▸ EXERCISE
Everything before the line containing "Lampka Nocna Apex" stays out; print that line and all lines below it through the last, exactly.

===== INPUT RECORDS

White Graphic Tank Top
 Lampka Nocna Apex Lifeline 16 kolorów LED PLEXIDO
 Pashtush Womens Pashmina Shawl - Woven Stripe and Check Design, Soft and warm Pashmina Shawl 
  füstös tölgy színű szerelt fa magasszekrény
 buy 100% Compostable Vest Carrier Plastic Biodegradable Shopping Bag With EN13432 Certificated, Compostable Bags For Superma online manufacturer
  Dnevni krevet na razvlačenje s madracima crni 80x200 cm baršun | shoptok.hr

==========

▸ WRITTEN REPLY
 Lampka Nocna Apex Lifeline 16 kolorów LED PLEXIDO
 Pashtush Womens Pashmina Shawl - Woven Stripe and Check Design, Soft and warm Pashmina Shawl 
  füstös tölgy színű szerelt fa magasszekrény
 buy 100% Compostable Vest Carrier Plastic Biodegradable Shopping Bag With EN13432 Certificated, Compostable Bags For Superma online manufacturer
  Dnevni krevet na razvlačenje s madracima crni 80x200 cm baršun | shoptok.hr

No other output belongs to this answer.